This is my first weekly post! I’m approaching this like it’s a newsletter – except I’m not emailing it to anyone 😉
Let’s face it, probably no one is interested in what I write here, so what would be the point of emailing anyone?! Plus you need an audience to email… which I don’t have (or want)… 😅
For about a year now, I’ve been off Facebook. Let’s be honest, Facebook is a dumpster fire that brings out the absolute worst in people. For the sake of my mental health and to make it through lockdown(s), I decided I was better off without it and I haven’t regretted it for a single second. I’ve never really been that active on other platforms either.
I still use Twitter to engage with others who work in the tech community or who I have shared interests with, but generally these days I try to stay out of anything that doesn’t concern me.
If anyone’s actually reading this, you may be wondering what this long rambling introduction to the post has to do with anything.

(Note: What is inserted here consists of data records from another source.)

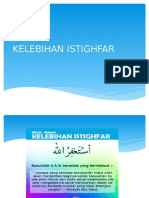 Kelebihan Istighfar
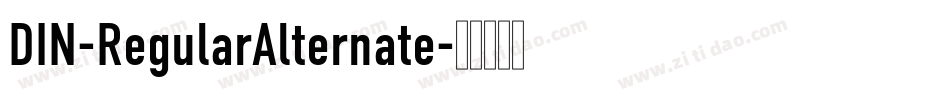 DIN-RegularAlternate字体转换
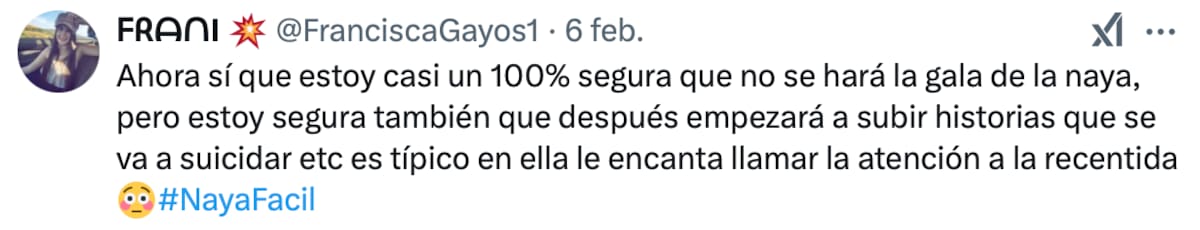 La infuencer se llenó de críticas.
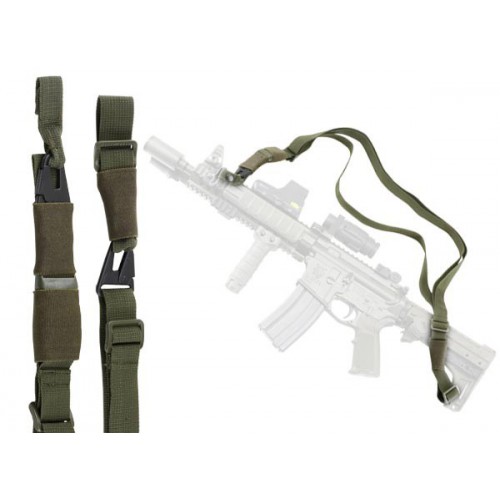 CINGHIA PORTAFUCILE 2 PUNTI DEFCON 5 TACTICAL ASSAULT SLINGS VERDE OD [D5-2003 OD]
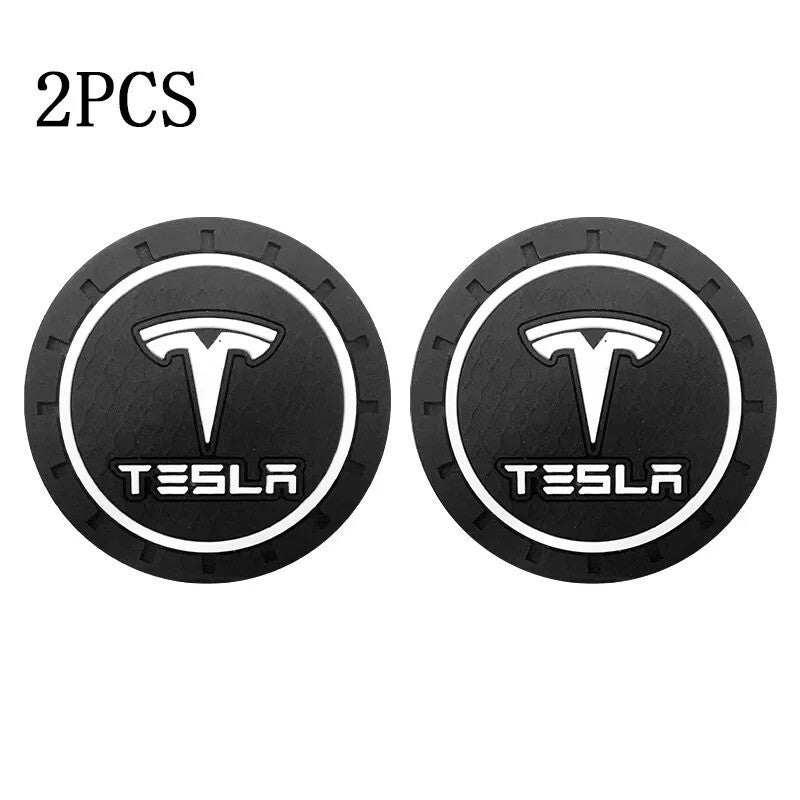Car Coaster Cup Holder Anti-Slip Mat for Tesla Model 3 S X Y Accessories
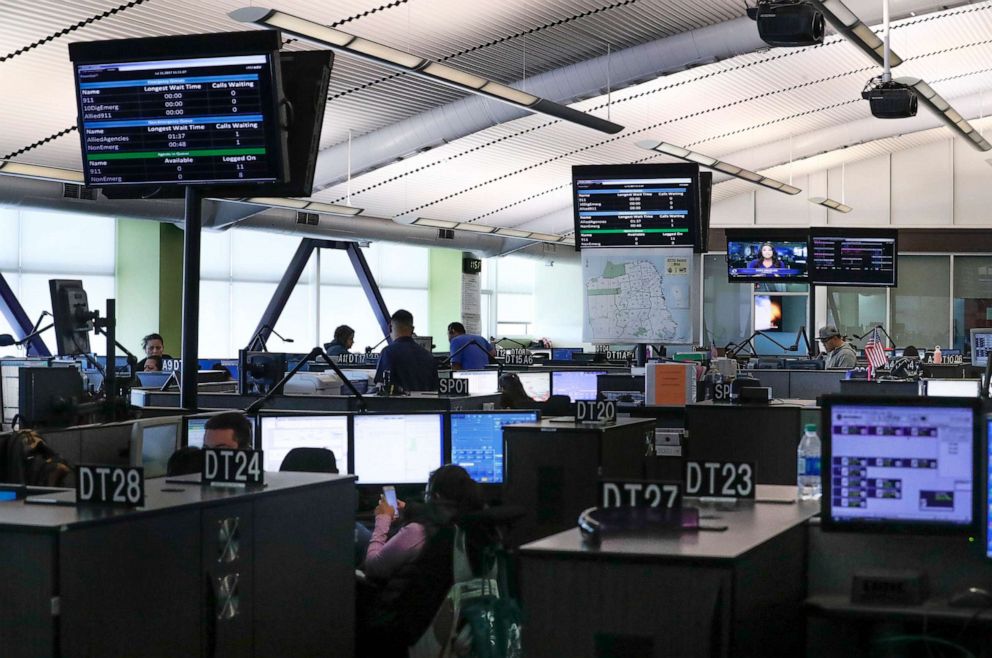 PHOTO: The San Francisco 911 Emergency Call Center,. July 31, 2017, in San Francisco.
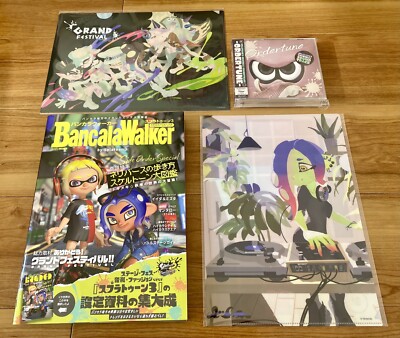 Splatoon 3 Bancala Walker Art Book & Soundtrack CD Ordertune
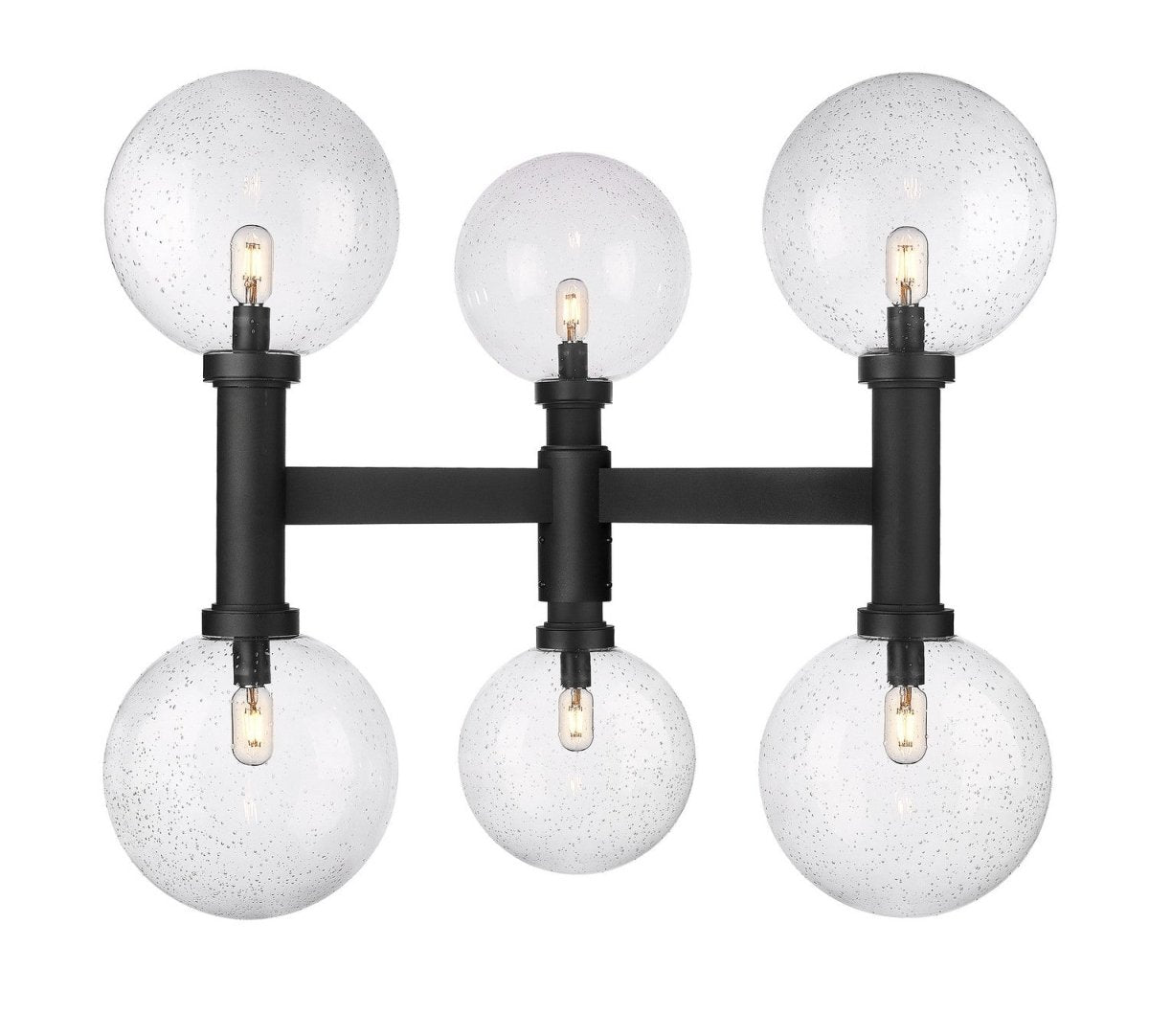 Tête de pôteau extérieure Laurent - Grené transparent 8" 11 1/2" by Z-Lite | Luminaires & cie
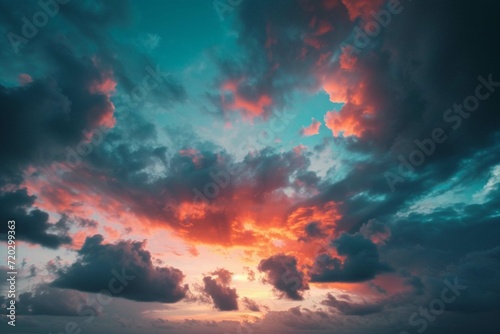 beautiful sunrise and cloudy sky © Amer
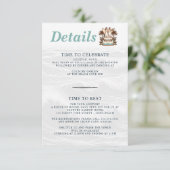 Carte D'accompagnement Mariage surf Brides (Debout devant)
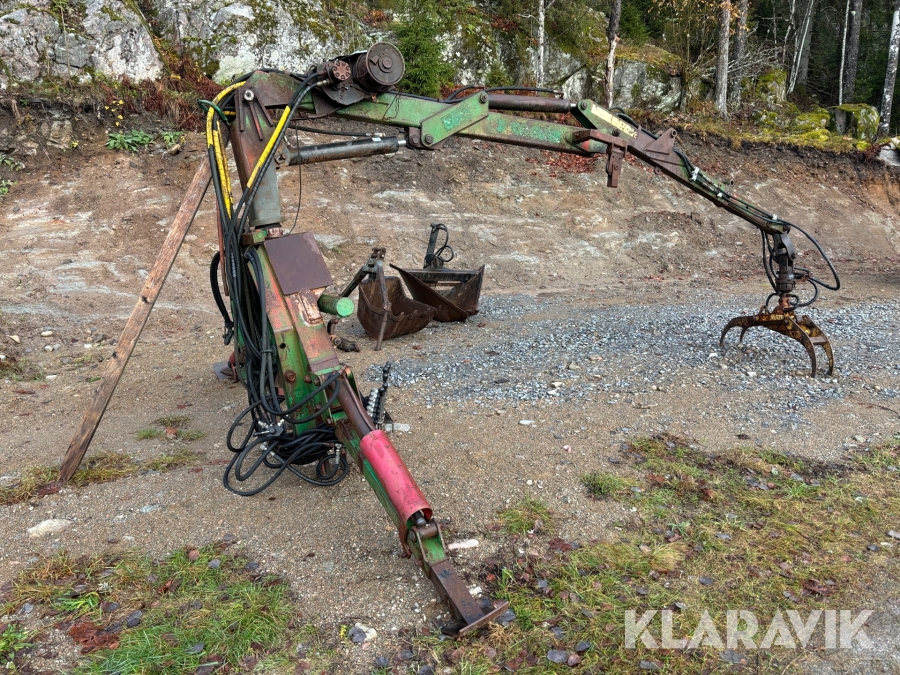 Griplastare med grävtillsats Kronos 350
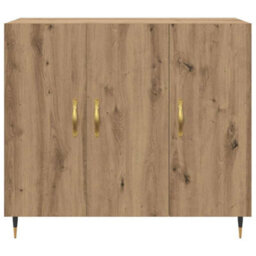 Berkfield Sideboard Brown 90 X 34 X 80 Cm Engineered Wood - thumbnail 6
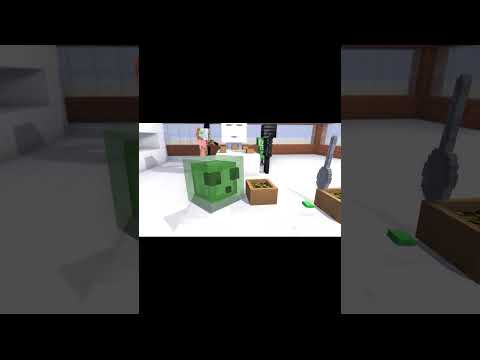 Monster School   HOUSE HEAD ATTACK   Minecraft Animation 18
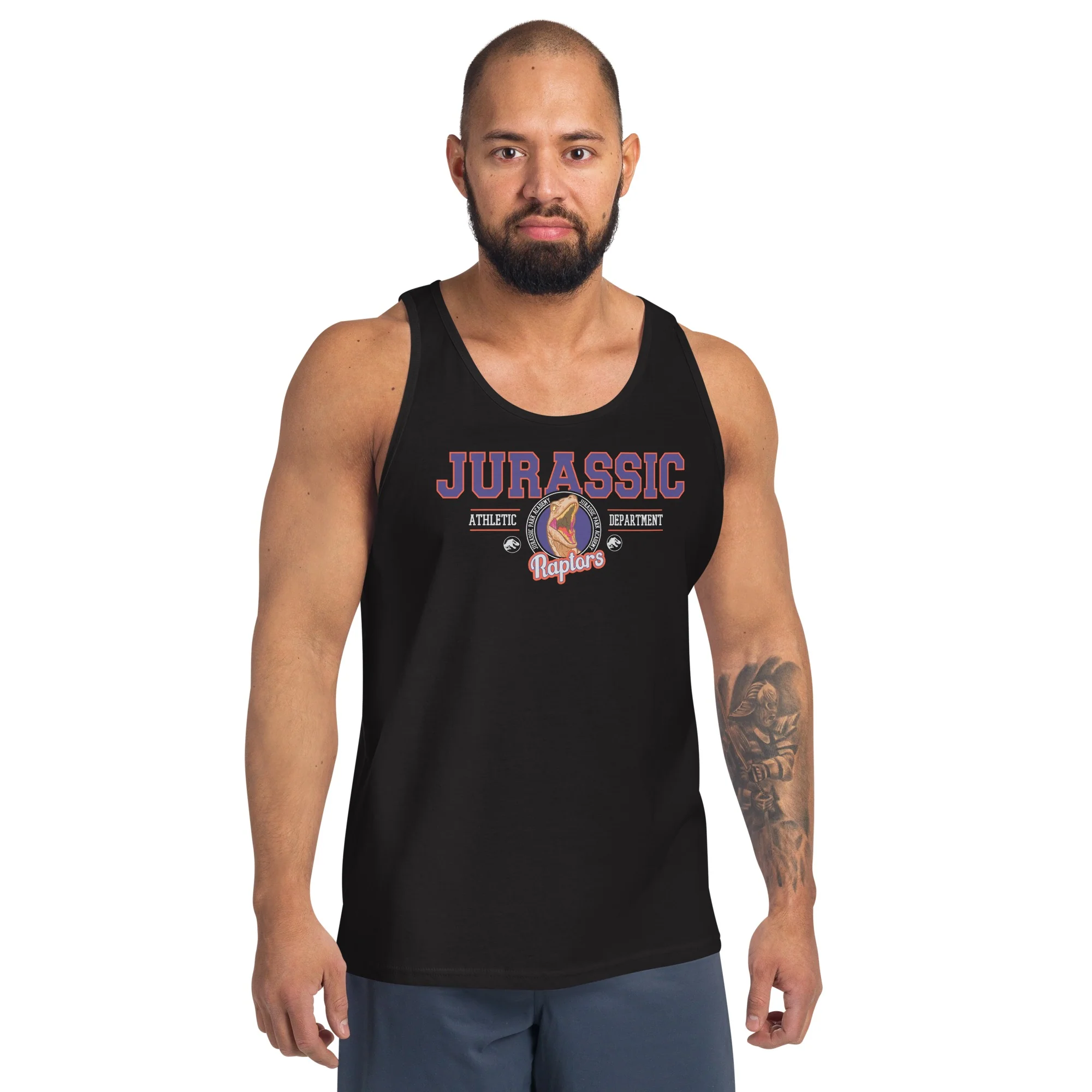 Jurassic Park Retro Varsity Tank Top - Image 4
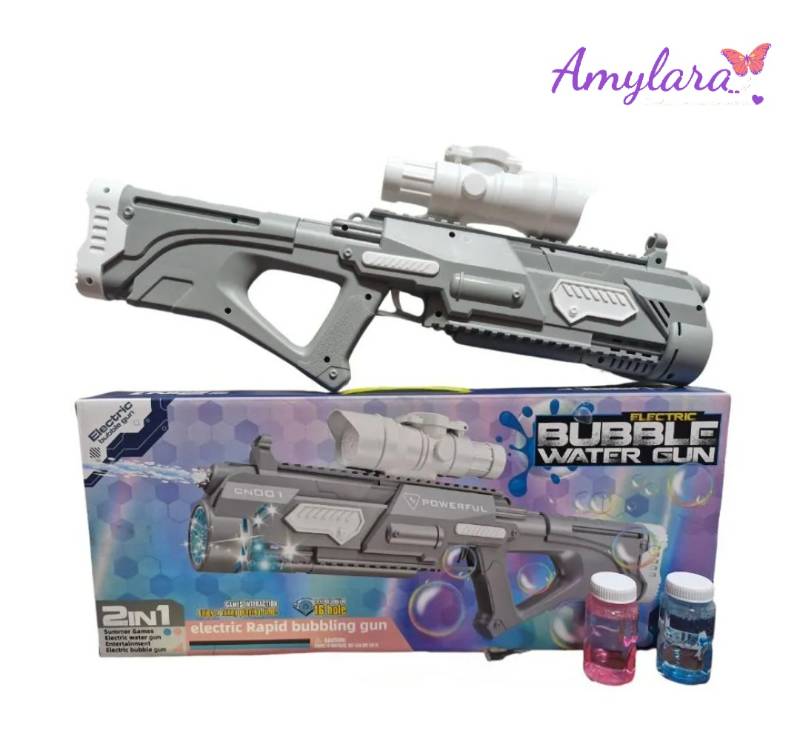 Pistola de agua y burjas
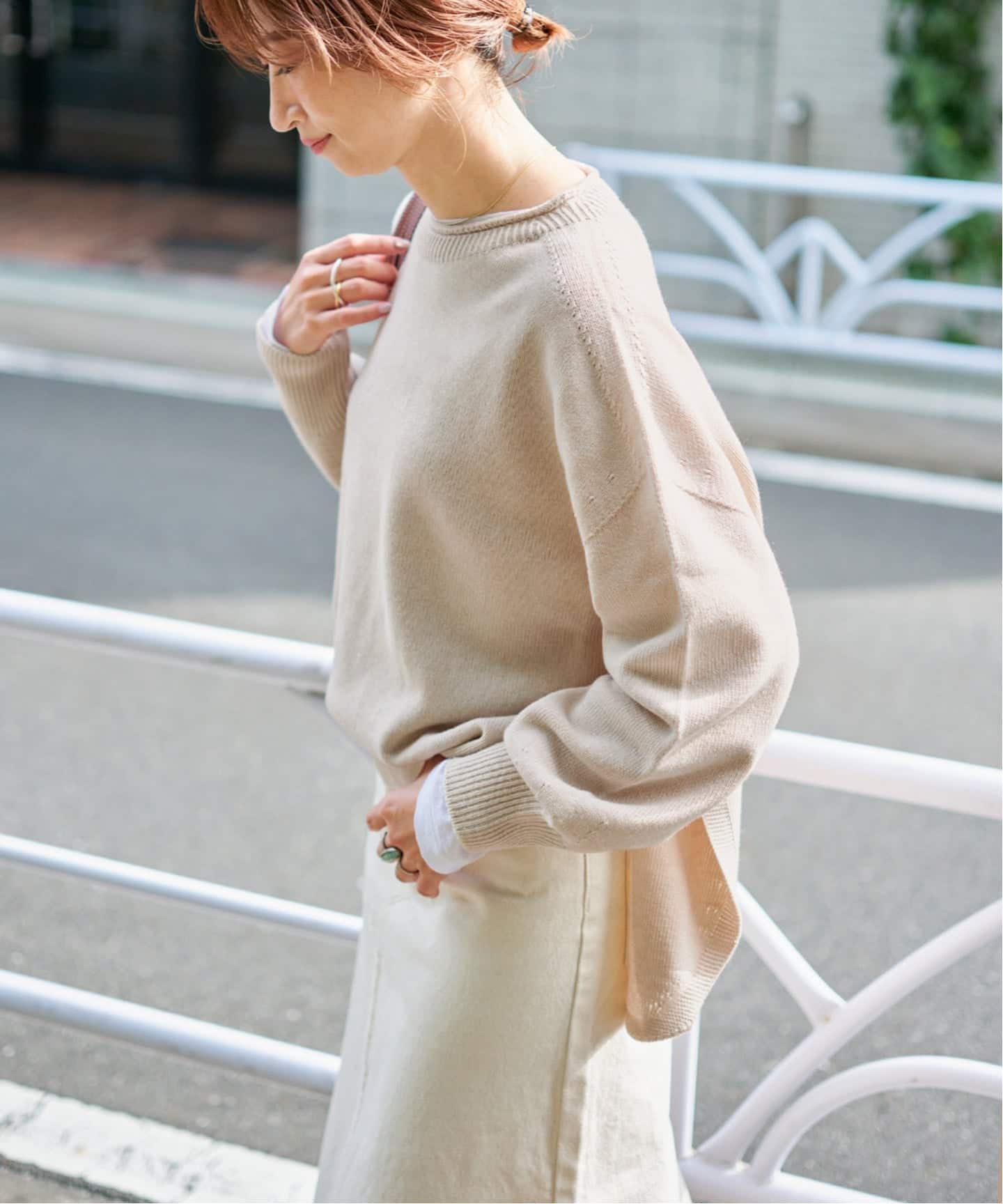 バルキーヤーンルーズボートネックニット（ニット／セーター）｜Spick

Well, the point is that moving away from social media (for good reasons) has left a bit of a gap for me to ramble on about things that I’m passionate about.
So that’s what this series of posts will be about. Once a week, I’m going to babble on about the positive things I’ve enjoyed that week to do with my interests. The structure is based on a couple of email newsletters that I subscribe to, which I enjoy receiving once a week from people I follow in the tech community. It’s interesting to see what they enjoy as people away from work.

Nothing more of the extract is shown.